А что выкладывать? Тут всего-то несколько слов… пришла… увидела…
Несколько слов и сказала.
Марийка прищурила зеленые глаза, губы крепко сжала. Не заахала, не заохала, а бросила жестко:
— Скоты! Что мой, что твой.
«Да что же это? — растерянно думала Саша. — Поздно уже, а я сижу тут… не дома… Нет больше дома… Как же я теперь?..» Марийка подсела к ней, обняла:
— Бедная ты моя! Сегодня ко мне в отдел зашла — веселая, счастливая, я на тебя залюбовалась. Скоты они, мужики! Что с нами делают! Ну и плюнь! Вот Афанасия выставила, и ты гони своего Ваську! Надо же, к Лизке полез, а уж эта стерва и готова на спину повалиться. Что ж ты сказки рассказывала, будто Шумихин ее в черном теле держит?

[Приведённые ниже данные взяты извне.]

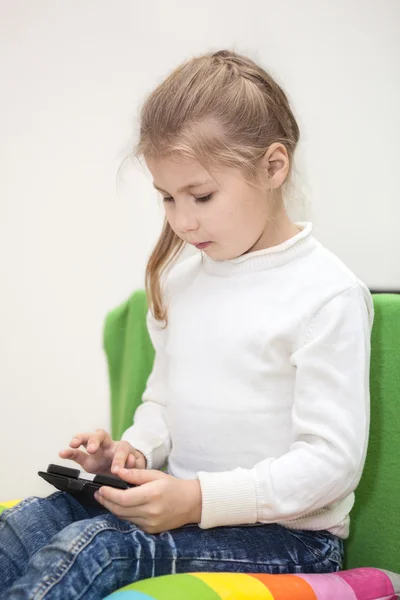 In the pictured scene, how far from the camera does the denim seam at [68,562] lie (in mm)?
722

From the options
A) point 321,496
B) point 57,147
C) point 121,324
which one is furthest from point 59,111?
point 321,496

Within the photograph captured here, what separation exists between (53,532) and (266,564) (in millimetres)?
250

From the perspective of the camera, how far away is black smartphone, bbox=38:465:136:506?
0.86 m

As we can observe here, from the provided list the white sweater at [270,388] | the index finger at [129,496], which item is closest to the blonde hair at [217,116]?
the white sweater at [270,388]

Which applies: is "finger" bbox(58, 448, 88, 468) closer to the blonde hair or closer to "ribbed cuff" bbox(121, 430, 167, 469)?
"ribbed cuff" bbox(121, 430, 167, 469)

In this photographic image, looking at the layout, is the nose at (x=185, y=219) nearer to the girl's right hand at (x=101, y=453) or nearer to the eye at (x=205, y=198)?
the eye at (x=205, y=198)

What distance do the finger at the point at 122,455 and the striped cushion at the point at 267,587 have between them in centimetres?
19

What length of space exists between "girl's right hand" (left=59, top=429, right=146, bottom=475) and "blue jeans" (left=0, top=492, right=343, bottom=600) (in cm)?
6

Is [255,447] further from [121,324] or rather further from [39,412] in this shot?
[39,412]

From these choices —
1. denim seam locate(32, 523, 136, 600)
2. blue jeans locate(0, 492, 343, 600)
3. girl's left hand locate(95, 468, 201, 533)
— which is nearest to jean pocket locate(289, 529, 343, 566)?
blue jeans locate(0, 492, 343, 600)

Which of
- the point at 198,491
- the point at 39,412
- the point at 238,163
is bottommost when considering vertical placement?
the point at 39,412

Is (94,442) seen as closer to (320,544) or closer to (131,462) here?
(131,462)

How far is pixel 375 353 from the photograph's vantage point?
1013 millimetres

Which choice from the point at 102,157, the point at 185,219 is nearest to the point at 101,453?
the point at 185,219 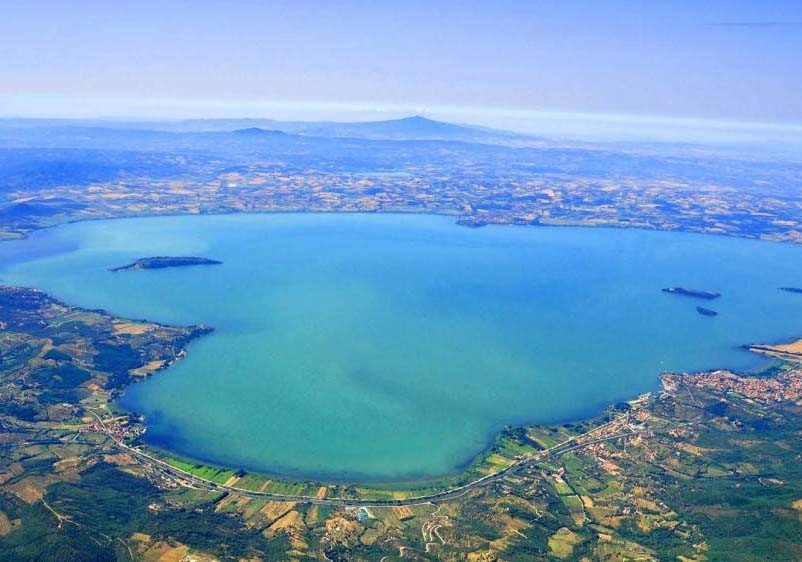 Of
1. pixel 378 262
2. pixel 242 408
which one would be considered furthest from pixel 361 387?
pixel 378 262

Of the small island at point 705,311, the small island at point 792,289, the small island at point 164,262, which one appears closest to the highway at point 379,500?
the small island at point 705,311

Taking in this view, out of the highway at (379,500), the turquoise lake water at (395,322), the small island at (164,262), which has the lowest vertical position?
the highway at (379,500)

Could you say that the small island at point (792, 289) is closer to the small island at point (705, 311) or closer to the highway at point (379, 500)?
the small island at point (705, 311)

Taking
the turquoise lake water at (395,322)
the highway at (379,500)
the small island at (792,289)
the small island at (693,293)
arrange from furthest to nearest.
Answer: the small island at (792,289)
the small island at (693,293)
the turquoise lake water at (395,322)
the highway at (379,500)

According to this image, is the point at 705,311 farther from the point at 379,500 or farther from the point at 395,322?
the point at 379,500

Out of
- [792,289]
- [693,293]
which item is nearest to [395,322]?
[693,293]

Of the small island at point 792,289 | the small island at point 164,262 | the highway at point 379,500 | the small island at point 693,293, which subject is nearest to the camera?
the highway at point 379,500

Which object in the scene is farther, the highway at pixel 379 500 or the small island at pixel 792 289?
the small island at pixel 792 289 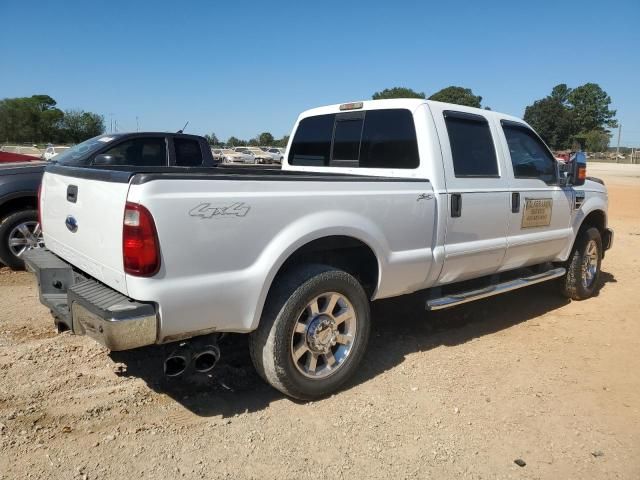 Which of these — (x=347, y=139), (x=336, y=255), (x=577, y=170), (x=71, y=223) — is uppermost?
(x=347, y=139)

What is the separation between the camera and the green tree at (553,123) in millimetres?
83000

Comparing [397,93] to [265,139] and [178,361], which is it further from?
[178,361]

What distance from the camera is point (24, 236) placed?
6312mm

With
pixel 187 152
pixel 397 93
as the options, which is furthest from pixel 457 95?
pixel 187 152

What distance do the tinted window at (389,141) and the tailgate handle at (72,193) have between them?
2.29 metres

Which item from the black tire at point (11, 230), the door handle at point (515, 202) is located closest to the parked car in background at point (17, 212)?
the black tire at point (11, 230)

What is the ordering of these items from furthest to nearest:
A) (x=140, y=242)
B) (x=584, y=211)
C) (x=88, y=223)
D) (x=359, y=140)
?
(x=584, y=211) → (x=359, y=140) → (x=88, y=223) → (x=140, y=242)

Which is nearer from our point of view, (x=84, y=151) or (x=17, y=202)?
(x=17, y=202)

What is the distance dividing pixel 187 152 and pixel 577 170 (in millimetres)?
5142

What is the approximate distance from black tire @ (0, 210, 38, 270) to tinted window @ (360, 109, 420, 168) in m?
4.22

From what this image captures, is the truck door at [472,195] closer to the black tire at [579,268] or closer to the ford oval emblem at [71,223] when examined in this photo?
the black tire at [579,268]

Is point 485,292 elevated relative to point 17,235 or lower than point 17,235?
lower

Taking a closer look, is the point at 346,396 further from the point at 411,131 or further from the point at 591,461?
the point at 411,131

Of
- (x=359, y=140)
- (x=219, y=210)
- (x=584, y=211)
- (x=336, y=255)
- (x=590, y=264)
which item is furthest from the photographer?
(x=590, y=264) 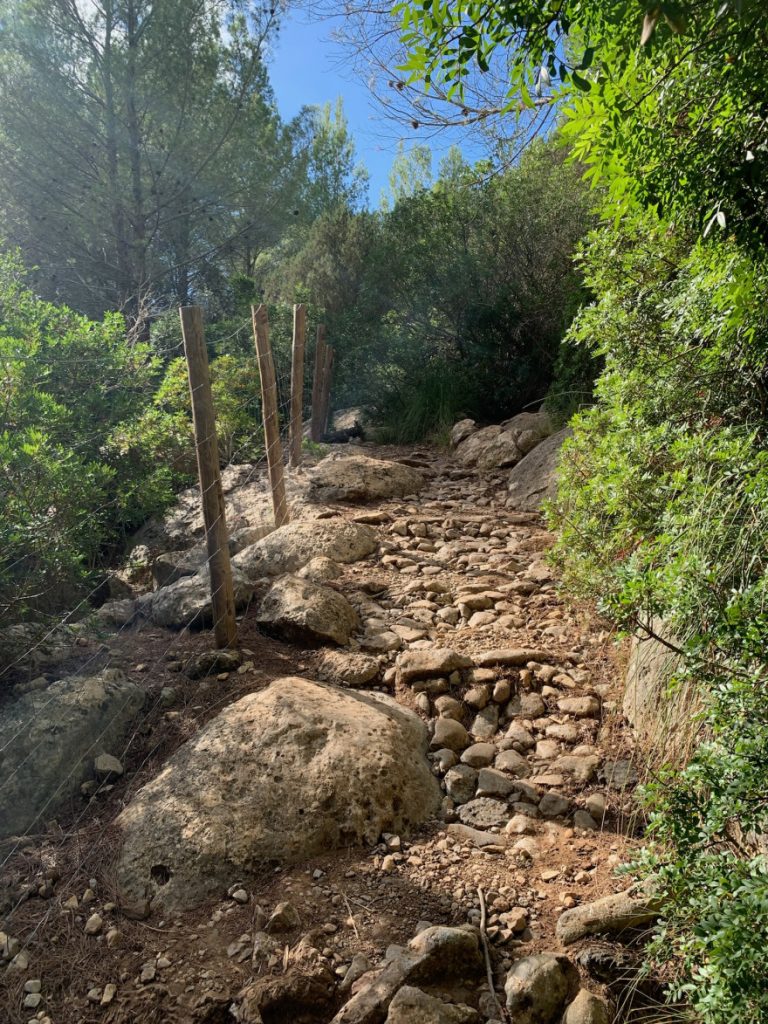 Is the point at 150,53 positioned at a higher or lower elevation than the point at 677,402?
higher

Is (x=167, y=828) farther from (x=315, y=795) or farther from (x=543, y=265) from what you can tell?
(x=543, y=265)

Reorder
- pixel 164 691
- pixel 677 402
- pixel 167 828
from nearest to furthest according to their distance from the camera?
pixel 167 828 → pixel 677 402 → pixel 164 691

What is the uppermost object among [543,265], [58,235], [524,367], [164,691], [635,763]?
[58,235]

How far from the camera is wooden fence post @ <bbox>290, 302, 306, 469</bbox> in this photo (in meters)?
6.78

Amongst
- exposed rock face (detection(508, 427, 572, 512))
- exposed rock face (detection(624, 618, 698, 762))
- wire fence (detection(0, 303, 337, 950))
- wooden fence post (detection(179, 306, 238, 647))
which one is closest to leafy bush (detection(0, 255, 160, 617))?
wire fence (detection(0, 303, 337, 950))

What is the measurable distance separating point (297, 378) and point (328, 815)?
461 cm

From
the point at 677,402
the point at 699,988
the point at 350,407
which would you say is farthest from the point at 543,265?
the point at 699,988

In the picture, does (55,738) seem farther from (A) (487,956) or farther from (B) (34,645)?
(A) (487,956)

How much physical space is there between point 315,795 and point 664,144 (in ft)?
8.70

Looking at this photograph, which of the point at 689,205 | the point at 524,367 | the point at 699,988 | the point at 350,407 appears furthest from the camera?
the point at 350,407

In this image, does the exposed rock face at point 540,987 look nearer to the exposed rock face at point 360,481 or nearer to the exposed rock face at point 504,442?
the exposed rock face at point 360,481

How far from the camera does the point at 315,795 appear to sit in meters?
2.93

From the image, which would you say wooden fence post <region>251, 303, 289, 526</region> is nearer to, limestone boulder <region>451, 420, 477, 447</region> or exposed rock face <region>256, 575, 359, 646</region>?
exposed rock face <region>256, 575, 359, 646</region>

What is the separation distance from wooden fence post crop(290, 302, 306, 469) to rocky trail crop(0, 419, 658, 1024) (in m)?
2.53
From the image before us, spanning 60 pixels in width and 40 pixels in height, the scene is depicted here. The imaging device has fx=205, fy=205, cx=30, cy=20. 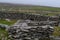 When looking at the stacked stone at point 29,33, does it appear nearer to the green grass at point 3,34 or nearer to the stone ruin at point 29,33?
the stone ruin at point 29,33

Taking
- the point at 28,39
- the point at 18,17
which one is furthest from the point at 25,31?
the point at 18,17

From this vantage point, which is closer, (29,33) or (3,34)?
(29,33)

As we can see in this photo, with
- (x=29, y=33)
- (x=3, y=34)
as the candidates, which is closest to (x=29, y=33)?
(x=29, y=33)

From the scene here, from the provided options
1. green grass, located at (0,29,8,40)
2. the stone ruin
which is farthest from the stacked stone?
green grass, located at (0,29,8,40)

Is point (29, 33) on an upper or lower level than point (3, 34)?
upper

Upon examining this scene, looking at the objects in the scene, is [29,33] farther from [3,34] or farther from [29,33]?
[3,34]

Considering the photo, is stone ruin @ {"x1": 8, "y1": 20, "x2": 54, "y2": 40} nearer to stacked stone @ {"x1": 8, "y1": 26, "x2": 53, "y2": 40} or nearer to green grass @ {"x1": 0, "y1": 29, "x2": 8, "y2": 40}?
stacked stone @ {"x1": 8, "y1": 26, "x2": 53, "y2": 40}

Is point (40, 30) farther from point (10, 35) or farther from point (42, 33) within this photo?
point (10, 35)

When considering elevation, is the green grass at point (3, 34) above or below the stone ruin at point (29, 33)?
below

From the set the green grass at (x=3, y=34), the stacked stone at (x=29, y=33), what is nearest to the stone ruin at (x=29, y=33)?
the stacked stone at (x=29, y=33) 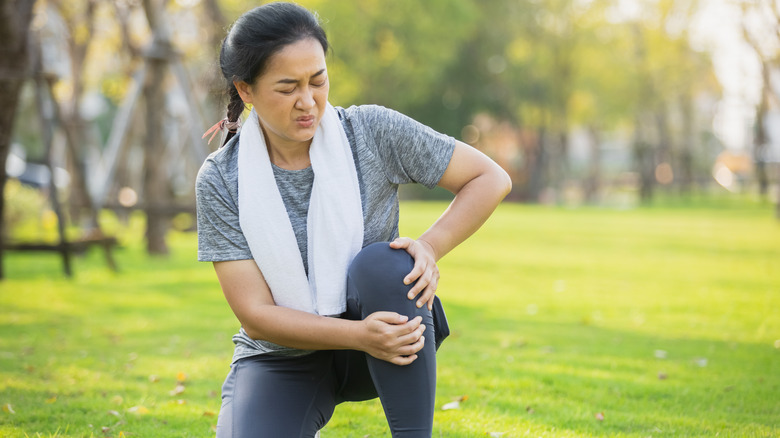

Сашу била дрожь. Марийка вскочила, побежала на кухню. Она была в синем жакете флотского сукна и черной суконной юбке, это был ее обычный рабочий костюм, она его носила уж не первый год. Шаги у нее были твердые, вся повадка — решительная. Вернулась с закопченным пузатым чайником, наскоро заварила чай. Постучала в стенку с ободранными обоями. Саша знала — за стенкой, в маленькой комнатке, жил Марийкин престарелый дядя по фамилии Золотцев, когда-то матрос с крейсера «Рюрик», а потом осевший в Кронштадте плотник, много лет работавший в шлюпочной мастерской на Пароходном, ныне Морском заводе. По слабости здоровья дядя теперь не работал, пенсию ему платили какую-никакую. Целыми днями читал дядюшка газеты — «Правду», «Красную газету» и «Рабочий Кронштадт», медленно одолевая их от передовицы до объявлений на последней странице. Марийка обихаживала старика — родного брата покойной матери, стирала ему и готовила.
— Сашунь, — сказала Марийка, — да ты сними боты, ну-ка я помогу. Во-от, — стянула она ботики с Сашиных ног. — Вот тебе тапки, рваные, да ничего. Сядь к столу, родненькая. Да что ты смотришь так, будто конец Санкт-Петербурга? Плюнь ты на Ваську. Найдем тебе такого мужичка, чтоб не обижал. Будет еще праздник святого Йоргена!
Марийка обожала кино, ни одной картины не пропускала, понравившиеся смотрела по нескольку раз, в Ленинград ради этого ездила.
Вот и дядюшка Золотцев заявился, шаркая шлепанцами, — худенький, сутулый, с очками в железной оправе на хрящеватом носу. На голове у него был берет не берет, такая шапочка из синего сатина, сшитая Марийкой: у дядюшки от старости мерзла голова. Поверх очков посмотрел на Сашу, сказал дребезжащим голосом:
— Вечер добрый. Кто это?
— Да что ты, дядя Егор, Сашу не признал? — сказала Марийка, наливая чай в чашки.
— Ага, Саша. — Старик придвинул к себе чашку, потянулся за хлебом, нарезанным толстыми черными ломтями. — А масло?